The Command Media Officer of the Lankan Air Force, Group Captain Chandima Alwis, told Express: “ There has been a lot of speculation in the media on this. But the fact is that we are still in the process of evaluating the various offers made by neighboring countries. We are looking for a suitable aircraft. But no decision has been taken yet.”
Significantly, purchase of JF-17s by Lanka is not one of the eight agreements which Sharif signed in Colombo.
The latest wave of speculation about a deal over JF-17 was triggered by a report in IHS Jane’s 360 dated December 29, which said that Sharif will press for the purchase of the aircraft during his visit to Lanka between January 4 and 6.

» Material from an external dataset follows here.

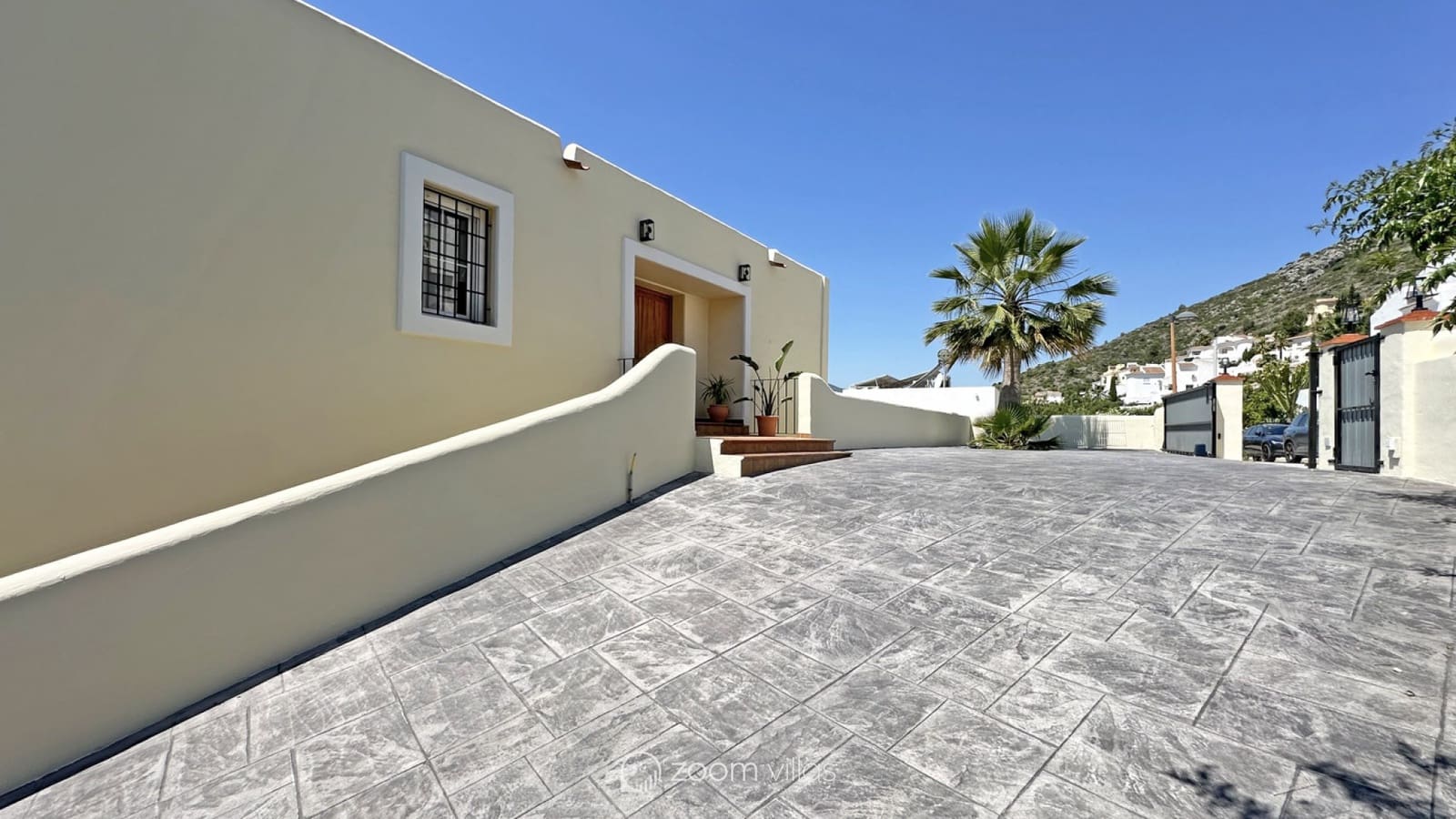 3 soveværelse Villa til salg i Jalon / Xalo - € 540.000 (Ref: 9220496)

But a seasoned Lankan defense analyst had told Express that though Lanka is keen on replacing its ageing Israeli Kfirs and Russian MiG 27s, it is unlikely to go in for the JF-17s, for two reasons: First, there is India’s opposition. And Second, there is the cost factor, with the fighters going at USD 35 million apiece.
Official Indian sources denied any knowledge of Lanka’s intention to purchase the JF-17s from Pakistan or even India’s counter offer to provide its Light Combat Aircraft “Tejas’.
The Lankans are probably aware that the “Tejas” is still under development. While the JF-17 is a fully developed aircraft in operation with the PAF since 2010, Tejas is still correcting the flaws discovered by the Indian Air Force.
While Pakistan has to sell the JF-17s to justify the existence of a production facility on its soil, and may even offer buyer’s credit, the Lankan defense expert quoted above wondered if Lanka will be able to afford the aircraft given the fact that it is in the doldrums financially with huge international debts to repay.
Additionally, Prime Minister Ranil Wickremesinghe’s priority seems to be to give his island nation a Blue Water navy to safeguard it more effectively, and also to play a meaningful role in international maritime security as desired by the US.
It is also said that, given the current delicate relations between India and Pakistan and Nawaz Sharif’s eagerness to mollify India after the Pathankot terror attack, Pakistan is unlikely to rub India the wrong way by pressing Lanka to buy its JF-17s.